La bourgeoisie distingue ainsi deux espaces aux fonctions propres, la cuisine et la salle à manger. Celle-ci devient le lieu privilégié de la vie familiale. Les classes modestes qui peuvent se le permettre adoptent cette configuration à la fin du 19ème siècle.
Un espace ouvert
A contrario, la cuisine du logement ouvrier se trouve dans la pièce principale où tout se fait : le repas, la toilette et le repos. Faute de place, elle est parfois réduite au minimum, se composant d’un petit poêle ou d'un réchaud qui sert à cuisiner comme à chauffer. Les moyens de cuisson sont limités, le mobilier est rudimentaire et l’espace de rangement est réduit. Les conditions des logements populaires sont souvent inconfortables et précaires pour la préparation du repas.

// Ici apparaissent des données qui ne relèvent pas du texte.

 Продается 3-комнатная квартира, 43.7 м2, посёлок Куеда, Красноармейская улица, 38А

Cuisines sous surveillance hygiénique
Qu'elle soit bourgeoise ou ouvrière, la cuisine jouit d’une mauvaise popularité au 19ème siècle. Elle est alors perçue comme la pièce la plus sale de la maison que les architectes et les hygiénistes se font un devoir d’assainir.
« Il n’existe plus aujourd’hui dans les habitations qu’un seul lieu d’insalubrité, c’est la cuisine ».

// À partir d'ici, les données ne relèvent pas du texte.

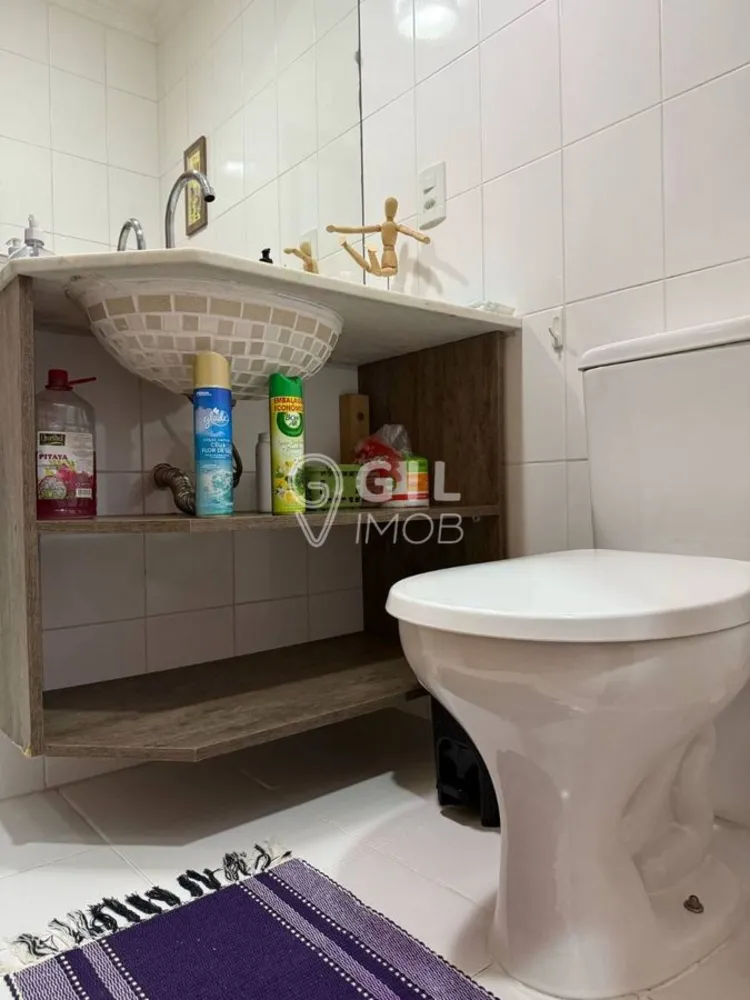 Apartamento, 2 quartos, 76 m² - Foto 11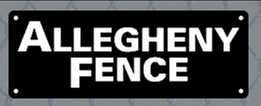 Photo of Allegheny Fence Construction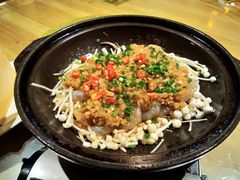-蜜桃餐厅·古运河畔(南下塘店)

Docteur J. A. Martin, 1899.En effet, la préparation du repas est alors une activité salissante qui génère vapeurs, fumées, déchets et résidus poisseux. Sans compter qu’au 19ème siècle, les appareils de cuisson fonctionnent majoritairement au charbon, la suie est donc une gêne quotidienne.

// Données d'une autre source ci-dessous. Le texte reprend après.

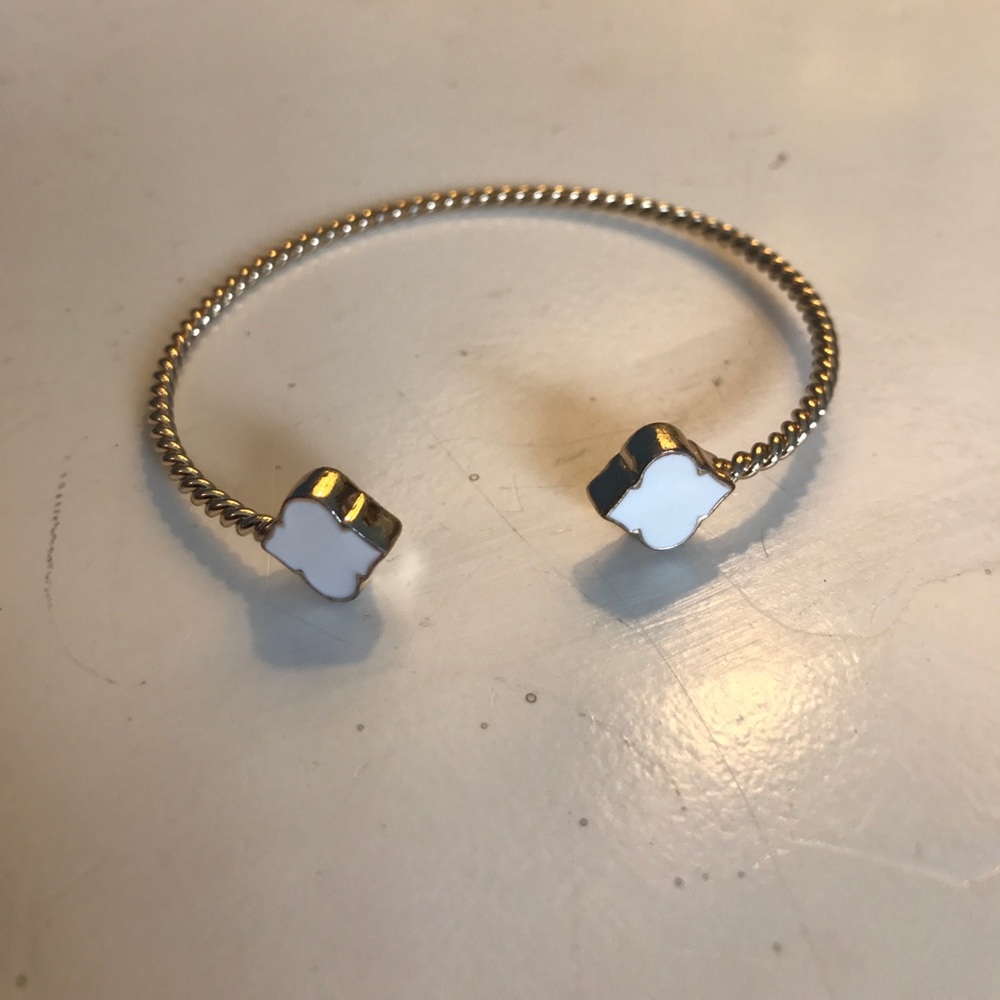 Bangle from South Moon Under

A la fin du 19ème siècle, la cuisine du logement ouvrier devient le terrain d’expérimentation des nouveaux principes de salubrité. Réservés aux ouvriers et aux petits employés, des nouveaux logements sont peu à peu construits. Ils incluent des équipements innovants pour la cuisine comme le vide-ordure sur le palier et l’eau courante, avant même que ceux-ci ne se généralisent auprès des classes aisées. Le besoin de modernisation de la cuisine se fait moins pressant dans ces milieux, tant que les domestiques assurent la préparation et le service du repas. Ce n’est que plus tard, avec la crise de la domesticité, que la cuisine devient sophistiquée dans les familles aisées.
Aujourd’hui, le statut de la cuisine a changé avec l’évolution des modes de vie et les progrès techniques. La cuisine est de plus en plus une pièce à vivre, parfois ouverte sur le séjour.